Die konservative tschechische Zeitung "Lidove noviny" kritisiert die heimischen Politiker: "Eine Regierung, welche die Ablehnung verpflichtender Flüchtlingsquoten zu ihrem festen Programm gemacht hat und dann in Brüssel überstimmt wird, kann das nicht als Kompromiss und schon gar nicht als Sieg ausgeben. Es ist sinnlos, sich etwas vorzumachen. Die tschechische Regierung hat es genauso wie die slowakische, ungarische und rumänische nicht geschafft, Verbündete zu gewinnen, um den Fluch der Quoten zu brechen. (...) Das grösste Problem ist, dass die europäischen Spitzenpolitiker Quoten als Lösung verstehen - statt den Schutz der EU-Aussengrenzen anzugehen."

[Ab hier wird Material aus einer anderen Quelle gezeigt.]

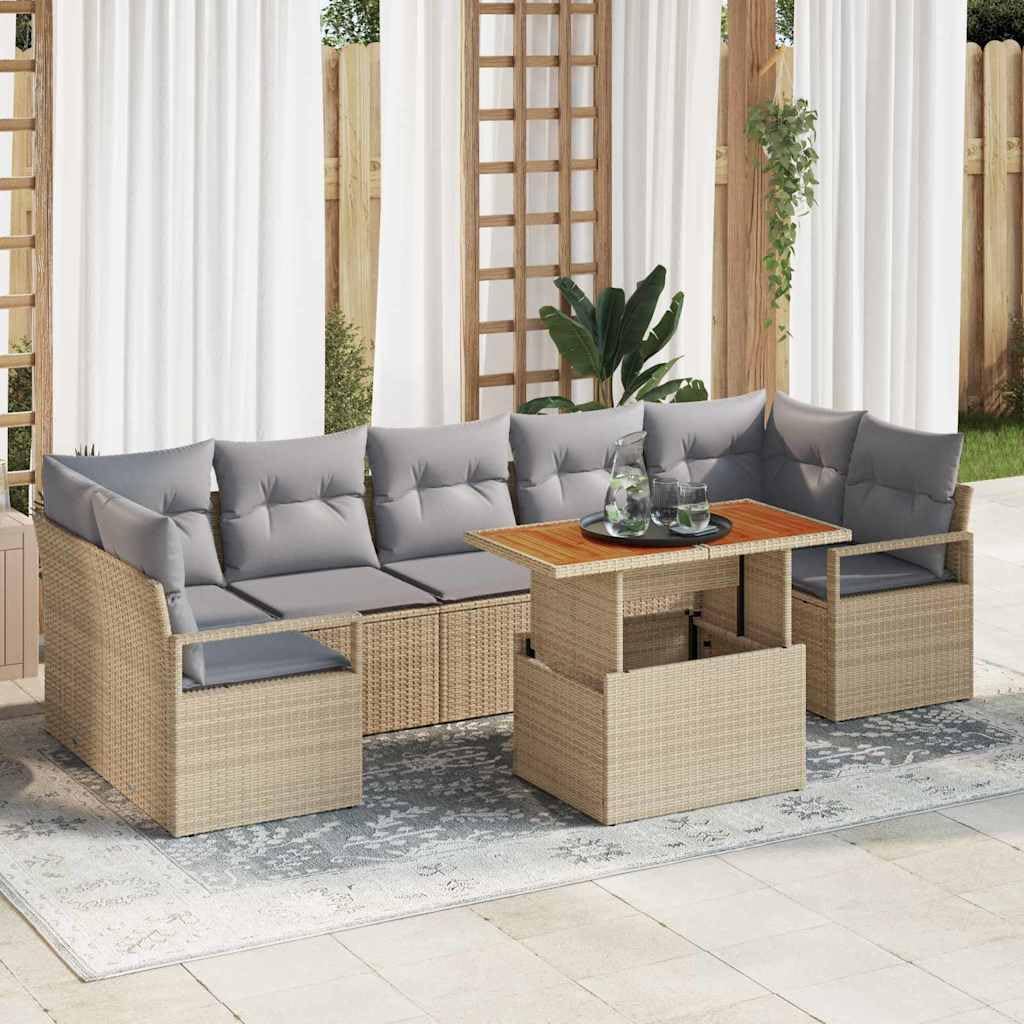 Set di divani da giardino in polyrattan, 8 pezzi, 7 posti, beige e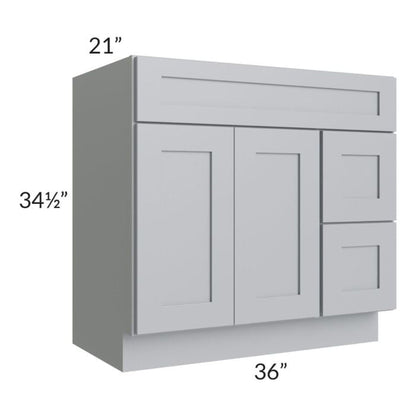 RTA Asheville Grey Shaker 36" Vanity Sink Base Cabinet (Drawers on Right)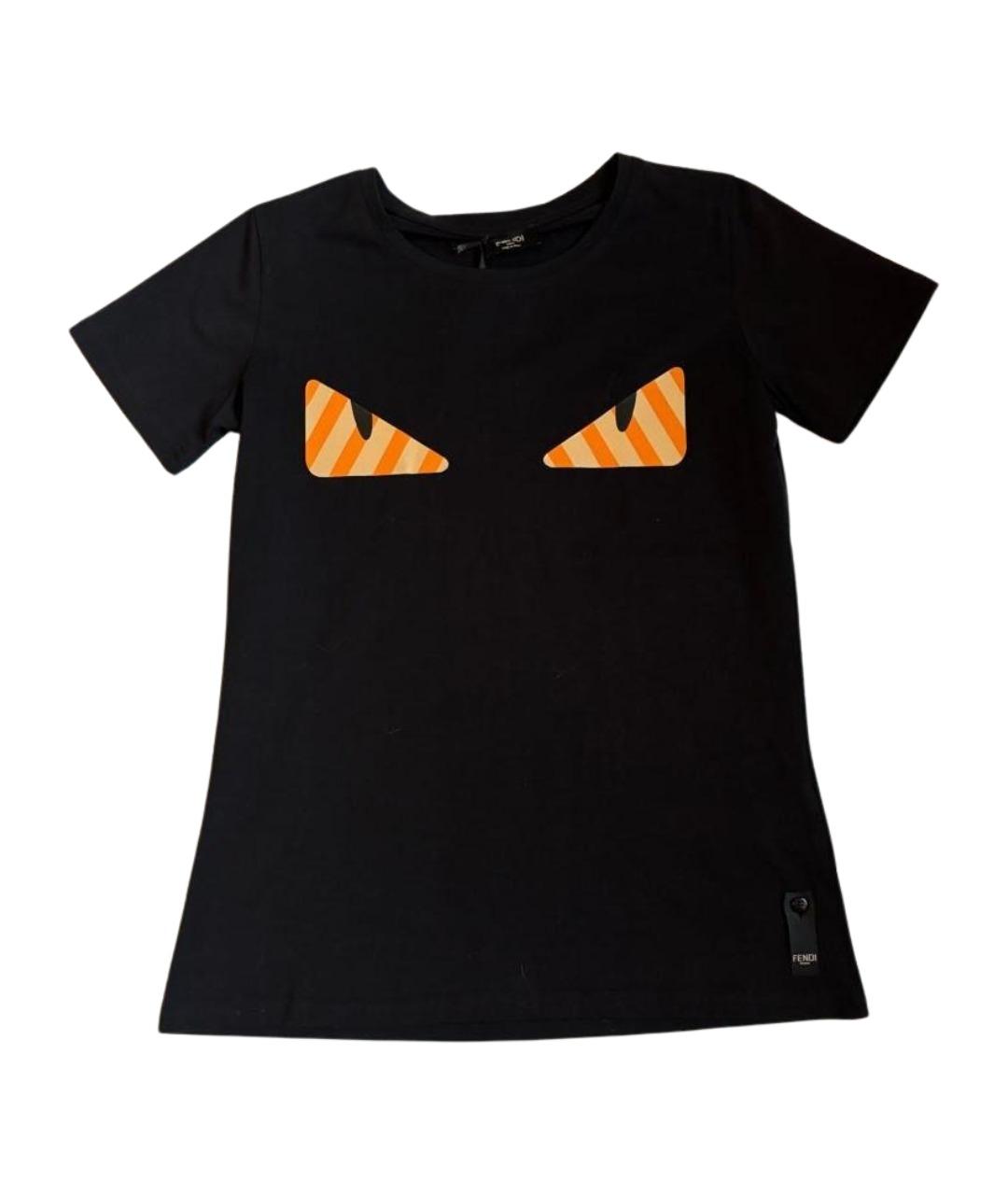 FENDI Черная хлопковая футболка, фото 1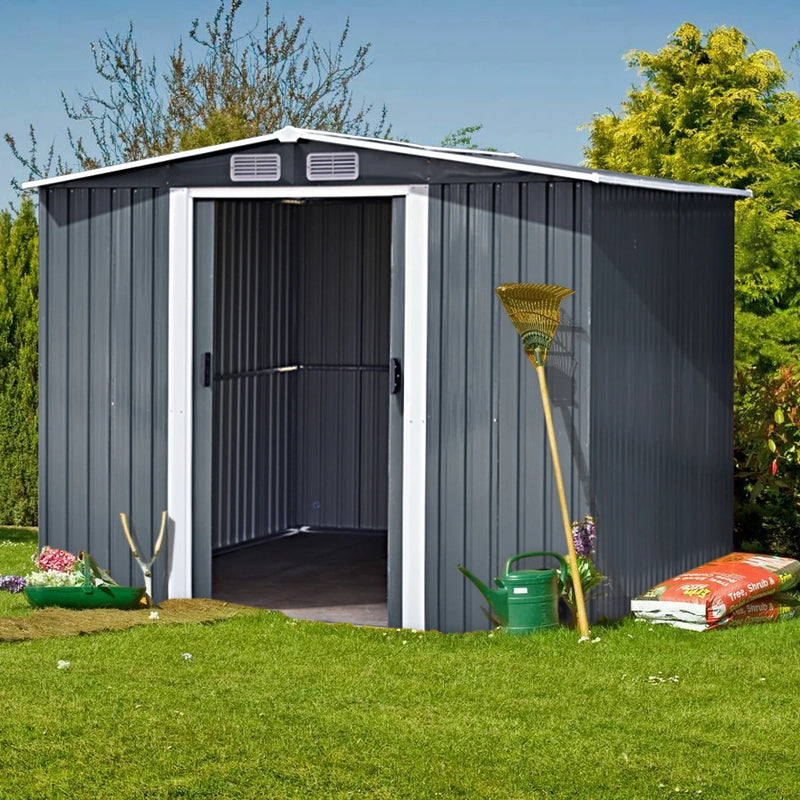 8x8 Garden Shed — Grey — grey garden shed, main product view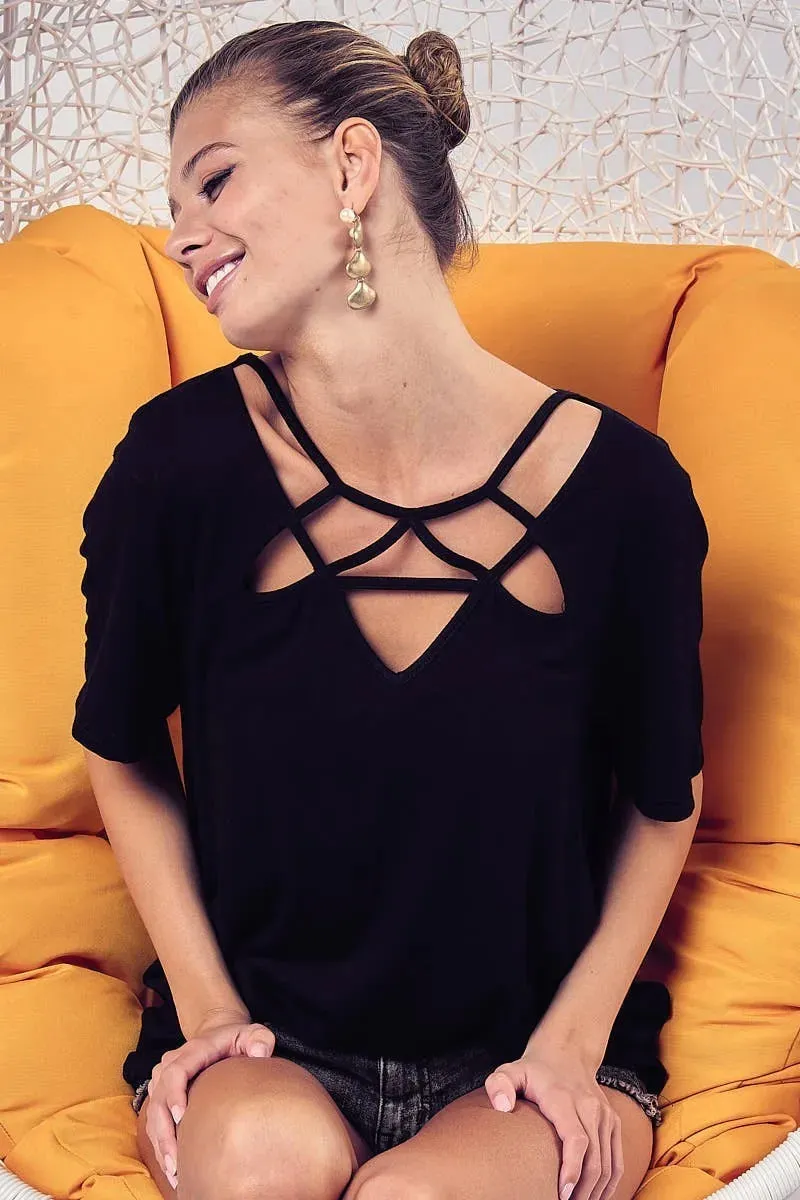 BiBi Silky Knit Top with Front Details sold by Charming Charlie product image thumbnail 3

Harte Kritik kommt auch von Seiten der konservativen ungarischen Tageszeitung "Magyar Nemzet": "Wenn Europa keine gemeinsame Flüchtlingspolitik hat, wenn man nicht klar sieht, wer Anspruch auf den Flüchtlingsstatus hat, dann könnten morgen von noch weiter her die noch Ärmeren aufbrechen, die man unter Berufung auf die - nicht existierenden - europäischen Werte und humanitären Gesichtspunkte eigentlich aufnehmen müsste. Nur ist die Belastbarkeit der ungarischen und europäischen Gesellschaft begrenzt. (...) Die internationalen friedensstiftenden Organisationen sind - wie immer - gelähmt, und die führende Weltmacht scheint kein Interesse an einer europäischen Regelung zu haben. Jetzt geht es bereits darum, dass Europa sich vor dem Selbstmord schützt.
"Einigung mit der Brechstange"
Die "Süddeutsche Zeitung" schreibt über die Entscheidung der Innenminister: "EU-Staaten erzwingen Verteilung vom Flüchtlingen."
Auch die "Bild" stellt den "Paukenschlag beim Treffen der EU-Innenminister in Brüssel" in den Mittelpunkt: "Eine Einigung mit der Brechstange. Denn: vier ost- und mitteleuropäische Staaten stellten sich quer."
Die liberale britische Zeitung "The Guardian" kritisiert die Mehrheitsentscheidung ebenfalls: "Die Entscheidung, die osteuropäischen Staaten zu überstimmen, (...) kann als Angriff auf die Souveränität dieser vier Länder wahrgenommen werden."
"Krise umfassend und dauerhaft (...) lösen."
Die österreichische Boulevardzeitung "Krone" verweist auf "viele Krisenherde auf der Welt (...), die in den nächsten Jahren nicht abreissen würden."
Auch das französische Blatt "Le Monde" vermisst langfristige Lösungen aus der Politik: "Es weist jedoch nichts darauf hin, dass die Mitgliedsstaaten bereit sind, die Krise umfassend und dauerhaft zu lösen."
Das italienische Blatt "La Repubblica" zitiert den Präsidenten Sergio Mattarella: "Die Solidarität muss erhalten bleiben!"